To “test the waters,” Google is committing three of its new open source projects and their trademarks to the OUC: Gerrit, Angular and Istio. Among the possible ways the new organization could act would be to “create guidelines for how to tailor the Angular logo to other needs, ensuring consistency among those who use that trademark.”
ZDNet reports that Angular is “a web application framework for mobile and desktop; Gerrit, a web-based team code-collaboration tool; and Istio, a popular open mesh platform to connect, manage, and secure microservices.”
“We’re announcing that we’re librarians for trademarks,” said OUC chair Chris DiBona, who is also Google director of open source. “We’re going to be bringing trademarks into the Open Source Definition.” At the Open Source Initiative, which manages the Open Source Definition, president Josh Simmons was surprised by the news but said that, “OSI is always glad when folks explicitly work to maintain compatibility with the Open Source Definition.”
“What that means here is something we’re still figuring out, so OSI is taking a wait-and-see approach,” he explained.

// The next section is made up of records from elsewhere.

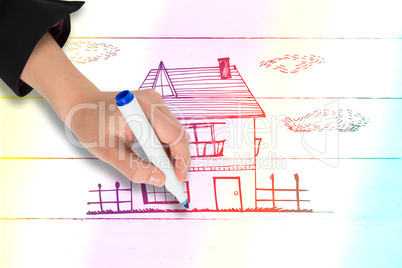 Composite image of businesswomans hand writing with marker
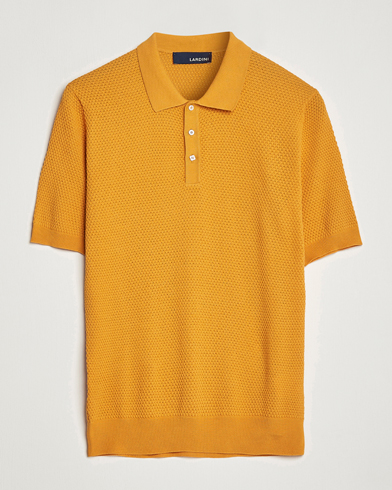 Herren |  | Lardini | Short Sleeve Knitted Structure Cotton Polo Orange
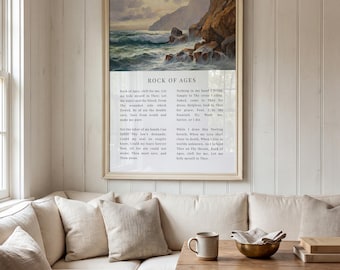 Arte de parede com o hino "Rocha Eterna" | Impressão cristã vintage com tema costeiro, pintura de praia, rochas quebrando, presentes para cristãos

More open source projects began trademarking their names and logos after Red Hat made it clear in 2004 that it had “a problem with anyone calling their product by its trademarked ‘Red Hat’ name,” and when Mozilla, in 2005, trademarked “Firefox” to prevent bad actors from reselling it in CD-ROMs with malware. In these and many other cases, “branding elements aren’t included in a program’s source code … it’s only included in binaries.”
Despite some confusion in the industry as to why Google founded OUC, Gesmer Updegrove founding partner Andrew Updegrove, who is an expert on open-source standards, said that, “having an entity like this does make some sense for a certain number of use cases.” “The most obvious one is an unincorporated OSS project,” he said. “There are many cases where an individual member has owned a project mark, and that has often led to downstream problems. So simply having a neutral owner is a community good without going any farther than that.”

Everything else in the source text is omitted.